Editorial: Turkey in mourning

Outside of the all-too regular horrors of China’s underground mines, the coal mine explosion on May 13 at Soma, 250 km south of Istanbul in western Turkey, is the worst mine disaster in recent memory.

The death toll stood at 274 and counting at press time, with some 450 miners having been rescued and many dozens still missing. The workings — which extend at least 420 metres — were still being vented of carbon monoxide and carbon dioxide, and fires were still burning. The Turkish government has declared three days of national mourning.

The Soma disaster has beaten Turkey’s previous worst mining disaster: a 1992 gas explosion that killed 263 workers near the Black Sea port of Zonguldak.

Initial reports out of Soma have authorities saying that the disaster followed an explosion and fire caused by a faulty power distribution unit, and the deaths were caused by carbon monoxide poisoning.

Turkey’s Energy Minister Taner Yildiz said 787 people were inside the coal mine at the time of the explosion, and many were injured. A shift change was occurring at the time, so a maximum number of workers were underground.

Turkish Prime Minister Recep Tayyip Erdogan postponed a foreign visit and travelled to the grief-stricken town the day after the explosion.

He toured the surface facilities, met with the team of 400 rescuers and various townspeople, and promised the tragedy would be investigated down to its “smallest detail” and that “no negligence will be ignored,” but emphasized that the Soma mine was seen as “one of the safest in Turkey.”

However, he showed just how low he’s set the bar at a press conference in Soma, where he cited example after example of mine disasters in nineteenth- and early twentieth-century industrialized countries, to defend his current government’s mine-safety record.

Press reports quote Erdogan as saying that “I went back in British history. Some 204 people died there after a mine collapsed in 1838. In 1866, 361 miners died in Britain. In an explosion in 1894, 290 people died there. Take America with all of its technology and everything . . . In 1907, 361 [miners died there]. These are usual things.”

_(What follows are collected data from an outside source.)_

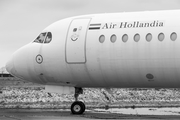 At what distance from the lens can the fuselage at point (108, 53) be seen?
16.3 m

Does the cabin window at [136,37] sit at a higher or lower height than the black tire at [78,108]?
higher

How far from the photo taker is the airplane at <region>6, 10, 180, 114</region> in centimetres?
1630

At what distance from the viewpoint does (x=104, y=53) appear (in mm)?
17312

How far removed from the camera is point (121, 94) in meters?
31.9

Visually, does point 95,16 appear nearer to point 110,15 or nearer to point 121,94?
point 110,15

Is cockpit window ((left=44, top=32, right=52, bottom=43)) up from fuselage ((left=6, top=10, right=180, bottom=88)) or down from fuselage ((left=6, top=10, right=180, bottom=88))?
up

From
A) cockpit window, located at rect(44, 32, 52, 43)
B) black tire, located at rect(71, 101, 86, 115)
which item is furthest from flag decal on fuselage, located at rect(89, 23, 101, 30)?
black tire, located at rect(71, 101, 86, 115)

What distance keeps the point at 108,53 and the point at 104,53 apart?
192mm

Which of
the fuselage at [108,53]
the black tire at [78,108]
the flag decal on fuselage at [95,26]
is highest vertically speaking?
the flag decal on fuselage at [95,26]

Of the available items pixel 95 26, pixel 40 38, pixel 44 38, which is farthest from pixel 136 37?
pixel 40 38

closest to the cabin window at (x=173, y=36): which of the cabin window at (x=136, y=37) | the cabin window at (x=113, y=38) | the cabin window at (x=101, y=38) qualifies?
the cabin window at (x=136, y=37)

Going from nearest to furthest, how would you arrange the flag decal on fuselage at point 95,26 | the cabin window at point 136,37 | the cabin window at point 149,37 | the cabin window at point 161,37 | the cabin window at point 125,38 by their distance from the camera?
1. the cabin window at point 161,37
2. the cabin window at point 149,37
3. the cabin window at point 136,37
4. the cabin window at point 125,38
5. the flag decal on fuselage at point 95,26

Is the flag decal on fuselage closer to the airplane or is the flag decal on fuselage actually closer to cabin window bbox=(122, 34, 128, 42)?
the airplane

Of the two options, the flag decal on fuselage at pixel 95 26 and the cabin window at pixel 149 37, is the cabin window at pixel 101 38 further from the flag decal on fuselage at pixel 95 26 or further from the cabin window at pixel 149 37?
the cabin window at pixel 149 37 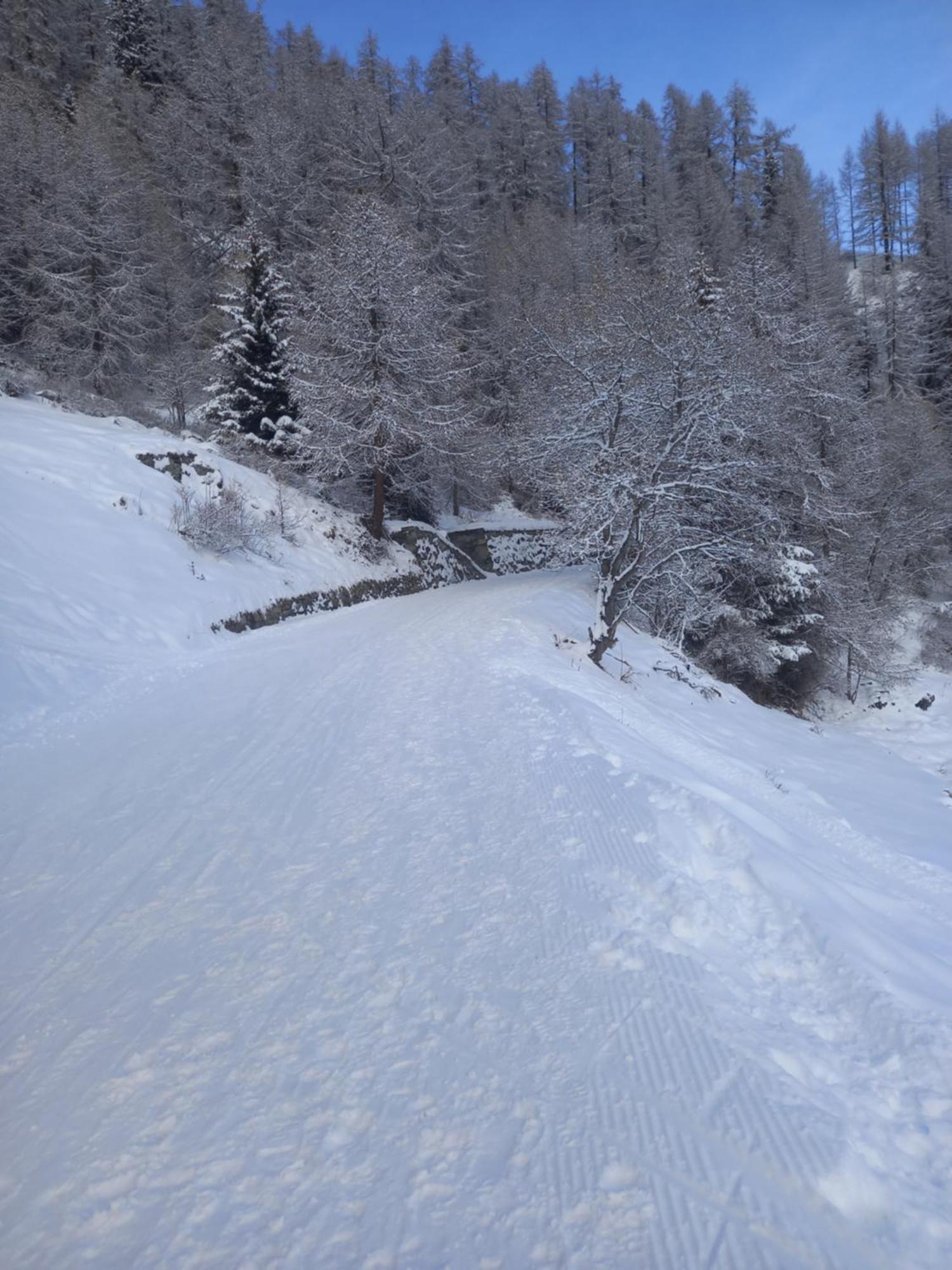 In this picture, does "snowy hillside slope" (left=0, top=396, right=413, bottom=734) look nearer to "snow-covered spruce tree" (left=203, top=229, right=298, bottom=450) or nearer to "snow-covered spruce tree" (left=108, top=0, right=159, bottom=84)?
"snow-covered spruce tree" (left=203, top=229, right=298, bottom=450)

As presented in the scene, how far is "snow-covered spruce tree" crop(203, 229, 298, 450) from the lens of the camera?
17953 mm

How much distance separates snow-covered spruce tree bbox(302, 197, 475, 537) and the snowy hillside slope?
12.1ft

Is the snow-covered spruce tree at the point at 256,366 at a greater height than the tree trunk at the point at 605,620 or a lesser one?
greater

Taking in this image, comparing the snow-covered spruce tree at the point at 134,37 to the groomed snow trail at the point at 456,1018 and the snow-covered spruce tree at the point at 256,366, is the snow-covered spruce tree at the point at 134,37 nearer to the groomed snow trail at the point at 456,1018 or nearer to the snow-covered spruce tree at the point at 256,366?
the snow-covered spruce tree at the point at 256,366

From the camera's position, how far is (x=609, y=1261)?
5.39 ft

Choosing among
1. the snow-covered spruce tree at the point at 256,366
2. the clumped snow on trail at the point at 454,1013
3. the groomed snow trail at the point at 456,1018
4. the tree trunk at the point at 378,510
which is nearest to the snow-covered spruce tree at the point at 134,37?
the snow-covered spruce tree at the point at 256,366

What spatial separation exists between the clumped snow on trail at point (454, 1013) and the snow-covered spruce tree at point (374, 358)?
13667mm

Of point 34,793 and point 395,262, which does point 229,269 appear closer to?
point 395,262

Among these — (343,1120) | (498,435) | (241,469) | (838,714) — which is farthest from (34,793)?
(498,435)

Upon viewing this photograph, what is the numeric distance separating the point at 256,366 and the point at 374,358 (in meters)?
3.42

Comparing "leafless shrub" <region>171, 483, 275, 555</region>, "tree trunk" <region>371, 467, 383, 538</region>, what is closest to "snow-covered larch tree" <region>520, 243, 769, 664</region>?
"tree trunk" <region>371, 467, 383, 538</region>

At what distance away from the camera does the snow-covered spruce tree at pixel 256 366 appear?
58.9 feet

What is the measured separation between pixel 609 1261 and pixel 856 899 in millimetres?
2893

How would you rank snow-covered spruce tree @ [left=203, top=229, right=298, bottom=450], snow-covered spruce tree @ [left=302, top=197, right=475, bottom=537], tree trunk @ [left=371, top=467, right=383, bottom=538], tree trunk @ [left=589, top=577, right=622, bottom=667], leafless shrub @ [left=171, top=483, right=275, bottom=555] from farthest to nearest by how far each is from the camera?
tree trunk @ [left=371, top=467, right=383, bottom=538] → snow-covered spruce tree @ [left=203, top=229, right=298, bottom=450] → snow-covered spruce tree @ [left=302, top=197, right=475, bottom=537] → leafless shrub @ [left=171, top=483, right=275, bottom=555] → tree trunk @ [left=589, top=577, right=622, bottom=667] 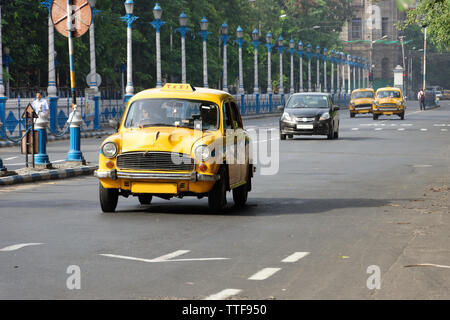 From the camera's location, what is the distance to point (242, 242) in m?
10.9

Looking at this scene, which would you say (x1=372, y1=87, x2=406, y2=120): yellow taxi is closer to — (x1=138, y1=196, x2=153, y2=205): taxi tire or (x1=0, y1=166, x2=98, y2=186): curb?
(x1=0, y1=166, x2=98, y2=186): curb

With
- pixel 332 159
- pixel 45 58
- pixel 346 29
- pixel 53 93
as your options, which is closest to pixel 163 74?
pixel 45 58

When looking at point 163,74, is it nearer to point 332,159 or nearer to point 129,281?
point 332,159

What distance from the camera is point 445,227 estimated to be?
40.0 feet

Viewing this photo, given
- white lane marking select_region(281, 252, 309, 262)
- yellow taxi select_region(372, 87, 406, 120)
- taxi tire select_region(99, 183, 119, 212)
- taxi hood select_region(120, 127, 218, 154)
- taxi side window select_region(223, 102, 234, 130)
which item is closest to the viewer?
white lane marking select_region(281, 252, 309, 262)

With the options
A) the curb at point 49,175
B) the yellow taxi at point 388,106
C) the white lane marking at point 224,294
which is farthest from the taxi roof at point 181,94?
the yellow taxi at point 388,106

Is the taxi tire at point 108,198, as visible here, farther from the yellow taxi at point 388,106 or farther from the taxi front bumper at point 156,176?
the yellow taxi at point 388,106

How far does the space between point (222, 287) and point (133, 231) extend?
3.78 metres

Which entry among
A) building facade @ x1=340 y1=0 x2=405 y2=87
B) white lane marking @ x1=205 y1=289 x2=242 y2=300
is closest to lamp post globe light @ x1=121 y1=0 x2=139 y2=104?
white lane marking @ x1=205 y1=289 x2=242 y2=300

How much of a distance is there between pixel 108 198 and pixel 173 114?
1571 millimetres

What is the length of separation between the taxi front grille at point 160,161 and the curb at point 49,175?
543cm

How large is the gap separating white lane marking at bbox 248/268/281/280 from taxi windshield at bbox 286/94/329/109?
2683 centimetres

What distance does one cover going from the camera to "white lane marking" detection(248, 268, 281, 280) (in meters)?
8.64

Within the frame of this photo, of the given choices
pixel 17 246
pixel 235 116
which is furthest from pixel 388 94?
pixel 17 246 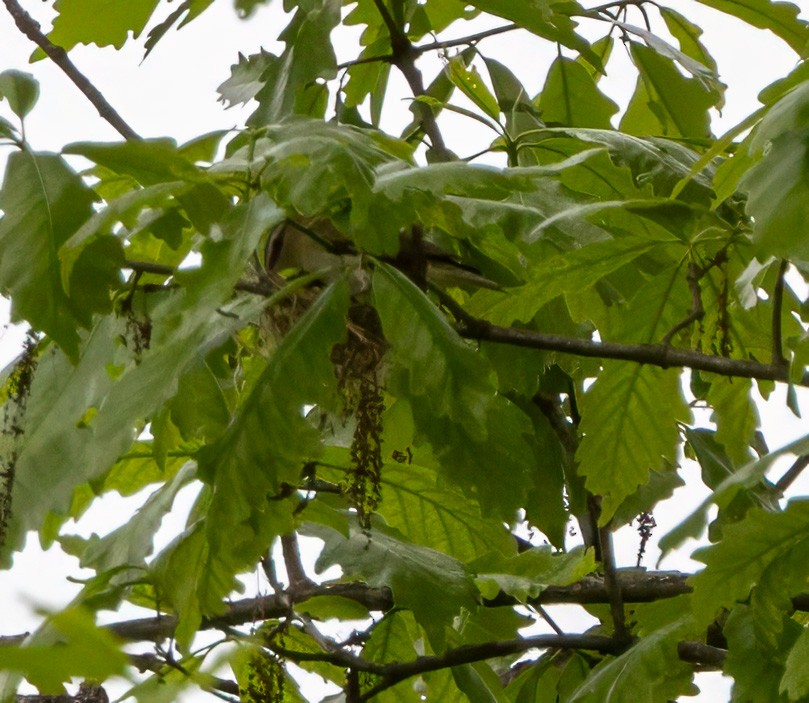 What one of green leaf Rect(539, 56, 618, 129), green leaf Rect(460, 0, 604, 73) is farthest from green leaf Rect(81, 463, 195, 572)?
green leaf Rect(539, 56, 618, 129)

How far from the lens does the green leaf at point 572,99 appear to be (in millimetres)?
A: 1249

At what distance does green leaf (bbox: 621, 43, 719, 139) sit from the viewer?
1237 millimetres

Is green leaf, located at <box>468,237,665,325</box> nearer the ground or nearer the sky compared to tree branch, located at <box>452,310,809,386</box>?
nearer the sky

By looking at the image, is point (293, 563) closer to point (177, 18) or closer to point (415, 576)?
point (415, 576)

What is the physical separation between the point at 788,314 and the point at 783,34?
1.06ft

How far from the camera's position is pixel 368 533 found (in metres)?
0.93

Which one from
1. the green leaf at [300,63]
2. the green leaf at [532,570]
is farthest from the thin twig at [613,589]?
the green leaf at [300,63]

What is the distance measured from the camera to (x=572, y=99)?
4.11ft

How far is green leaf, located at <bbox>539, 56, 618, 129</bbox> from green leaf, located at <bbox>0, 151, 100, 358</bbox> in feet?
2.28

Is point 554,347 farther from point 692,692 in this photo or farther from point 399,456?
point 692,692

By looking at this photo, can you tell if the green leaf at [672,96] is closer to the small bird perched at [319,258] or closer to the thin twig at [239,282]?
the small bird perched at [319,258]

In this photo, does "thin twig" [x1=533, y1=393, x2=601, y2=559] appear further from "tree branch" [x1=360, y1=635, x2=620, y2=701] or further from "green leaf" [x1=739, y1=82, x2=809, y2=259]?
"green leaf" [x1=739, y1=82, x2=809, y2=259]

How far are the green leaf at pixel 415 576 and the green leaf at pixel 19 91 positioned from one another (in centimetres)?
43

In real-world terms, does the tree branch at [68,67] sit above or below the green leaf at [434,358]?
above
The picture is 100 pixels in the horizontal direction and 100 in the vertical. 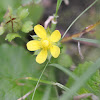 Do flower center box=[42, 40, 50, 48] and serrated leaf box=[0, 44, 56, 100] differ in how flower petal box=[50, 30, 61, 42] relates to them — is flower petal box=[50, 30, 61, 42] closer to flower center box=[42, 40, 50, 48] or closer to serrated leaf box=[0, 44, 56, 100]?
flower center box=[42, 40, 50, 48]

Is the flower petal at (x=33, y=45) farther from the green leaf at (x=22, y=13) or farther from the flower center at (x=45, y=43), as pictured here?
the green leaf at (x=22, y=13)

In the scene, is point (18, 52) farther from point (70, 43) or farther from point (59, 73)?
point (70, 43)

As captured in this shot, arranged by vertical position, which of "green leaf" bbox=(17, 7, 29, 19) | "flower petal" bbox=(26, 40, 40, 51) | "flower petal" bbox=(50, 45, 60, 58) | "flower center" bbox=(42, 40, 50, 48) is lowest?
"flower petal" bbox=(50, 45, 60, 58)

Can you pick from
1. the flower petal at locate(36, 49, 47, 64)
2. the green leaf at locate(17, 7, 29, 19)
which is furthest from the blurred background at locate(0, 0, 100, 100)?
the flower petal at locate(36, 49, 47, 64)

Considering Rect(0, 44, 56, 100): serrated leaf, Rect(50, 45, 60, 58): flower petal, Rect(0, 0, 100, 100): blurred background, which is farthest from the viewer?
Rect(0, 0, 100, 100): blurred background

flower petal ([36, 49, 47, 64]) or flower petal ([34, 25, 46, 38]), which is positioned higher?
flower petal ([34, 25, 46, 38])

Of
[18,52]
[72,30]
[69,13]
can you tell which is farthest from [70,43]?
[18,52]

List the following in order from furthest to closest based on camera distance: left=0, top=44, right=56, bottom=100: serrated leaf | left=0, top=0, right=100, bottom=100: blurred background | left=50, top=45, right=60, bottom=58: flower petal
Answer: left=0, top=0, right=100, bottom=100: blurred background
left=0, top=44, right=56, bottom=100: serrated leaf
left=50, top=45, right=60, bottom=58: flower petal

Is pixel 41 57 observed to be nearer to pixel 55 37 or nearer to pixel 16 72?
pixel 55 37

Erdogan went on to cite examples of early twentieth century mine accidents in France and Japan, saying that “in 1942, 1,549 miners died in China due to a mixture of gas and coal . . . Can you believe it?”

He also brushed aside an Al Jazeera journalist asking why the Soma mining company was allowed to operate, by stating there are no coal mines in Al Jazeera’s home country Qatar.

It’s not the first time Erdogan’s callous side has been seen with respect to his country’s miners: after a 2010 mine accident in Turkey that killed 30, he said that death was part of the “profession’s fate.”

In front of the ruling NKP party headquarters in downtown Soma, public rage over the accident took the form of a street protest that pitted rock-throwing youth against riot police with gas masks and water cannons. Media reports describe protesters as chanting that Erdogan was a “murderer” and “thief.”

In Istanbul, hundreds of protesters gathered outside the offices of the Turkish mine-owner Soma Komur Isletmeleri A.S., while in the capital Ankara protesters tried to march on the Energy Ministry but were forcibly dispersed by police.

The Associated Press describes Turkey’s Labour and Social Security Ministry as having said the mine had been inspected five times since 2012, including this past March, and that no issues violating work safety and security were detected.

However, the country’s main opposition party CHP said Erdogan’s ruling party had recently voted down a proposal to hold a parliamentary inquiry into a series of smaller accidents at mines around Soma.

A CHP deputy noted that Turkey tops the occupational accidents list among European countries and ranks third worldwide in terms of accidents.

The deputy said that workers die an average of 8.5 times more in Turkey than in the European Union, and that there were 880,000 occupational accidents in Turkey between 2002 and 2013, with 13,442 killed in these accidents.